The Three Affiliated Tribes of the Fort Berthold Indian Reservation in North Dakota closed its $10.25 million purchase of the former White Sands Motel site last week, property records show.
The narrow, 1.1-acre parcel is surrounded on three sides by the former Route 91 Harvest festival site, most of which was purchased last year by the tribal group also known as Mandan, Hidatsa and Arikara Nation.
MHA Nation has now bought a total of 23 acres along the south Strip for $115 million combined.
Built in the 1950s during Las Vegas’ Mafia days, the White Sands is across from the Luxor but is the kind of property many people likely don’t even notice. The one-story motel closed well over a decade ago and sits behind mesh-covered fencing topped with barbed wire and razor wire and secured with multiple locks.
It has also been in rough shape for years and seemed destined for demolition.
“It definitely cannot be salvaged,” MHA Nation Chairman Mark Fox told the Review-Journal on Wednesday.
Tribal purchases
Fox said the plan for the motel building is to “tear it down and clean it up.” He doesn’t have a time frame but figures it would cost at least $1 million to demolish the structure and clean the site.
He also said his team is still formulating a vision for MHA Nation’s real estate holdings in Las Vegas, noting their options include developing a casino-resort or flipping the land to new owners.
“We’re really going to the drawing board,” Fox said.
MHA Nation, owner of the 4 Bears casino in North Dakota, started buying land in Las Vegas in summer 2020, when it purchased an 8.7-acre lot immediately east of the former Route 91 site for $12 million through a bankruptcy case.
It then acquired most of the 15-acre former Route 91 site for about $92.8 million from casino giant MGM Resorts International in December.
The property was the scene of the deadliest mass shooting in modern U.S. history, and MGM set aside 2 acres for a permanent memorial to the Oct. 1, 2017, tragedy.
MHA Nation previously said its purchase from MGM “represents a substantial opportunity for investment and return,” and revenue generated would help fund tribal projects and programs.
It also said it “wholeheartedly supports” the memorial site for the Las Vegas massacre.
‘Destroying the property’
The White Sands, 3889 Las Vegas Blvd. South, opened in 1959 and was promoted as a beautiful place, offering TV, coffee and air conditioning. However, problems there mounted after the motel closed.
In 2013, Clark County officials received a complaint that the shuttered property had some standing water in the pool and a “strong odor” that smelled like a dead animal or body.
No corpse was found, but an inspector spotted around 40 feral cats, records show.
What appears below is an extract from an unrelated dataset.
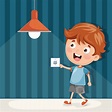 Premium Vector | Illustration of a kid turning on the light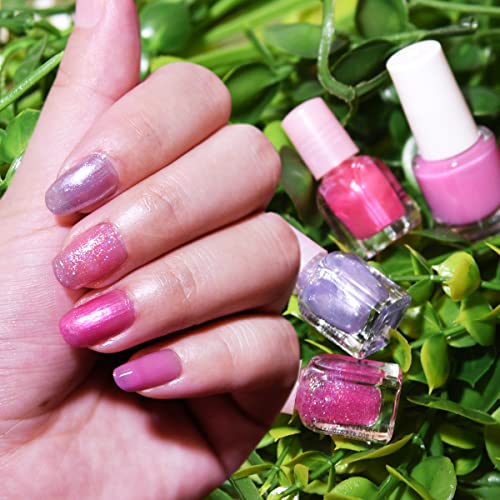 Nail Art Kit with Non-Toxic Nail Polish for Girls, 34Pcs Kids Nail Design Tool Set with Peel-off Nail Polishes, Dotting Pen, False Nail, DIY Sticker, Nail Decoration Gift for Girls Age 6-15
In 2015, a “declaration of imminent danger” from the county stated the “unsafe structure” had criminal activity, and feral cats and kittens “were noted in all units.”
“Despite putting up chain link fences and boarding up all doors and windows on the property, it has been very difficult to keep vagrants, trespassers and the animal groups from gaining access to and destroying the property,” according to a letter to the county that year.
Last month, District Judge Gloria Sturman approved the property’s sale to MHA Nation from the estate of former White Sands owner Spartaco Colleli, who died in 1992. Las Vegas probate lawyer Kennedy “Kenny” Lee sold the property as special administrator of the estate.
Lee’s law firm partner Dan Kiefer told the Review-Journal this week there was a lot of general interest in the property. But as far as he knows, the only group that ever put up earnest money for it was MHA Nation.
The Strip is known for its towering, glitzy resorts, and the low-slung White Sands is one of its few remaining motel buildings. As Kiefer sees it, the site evokes thoughts of a “simpler time on the Strip” when a property of that size was “feasible” in the corridor.
He also noted the building is dilapidated.
“It’s going to be a complete teardown,” he said.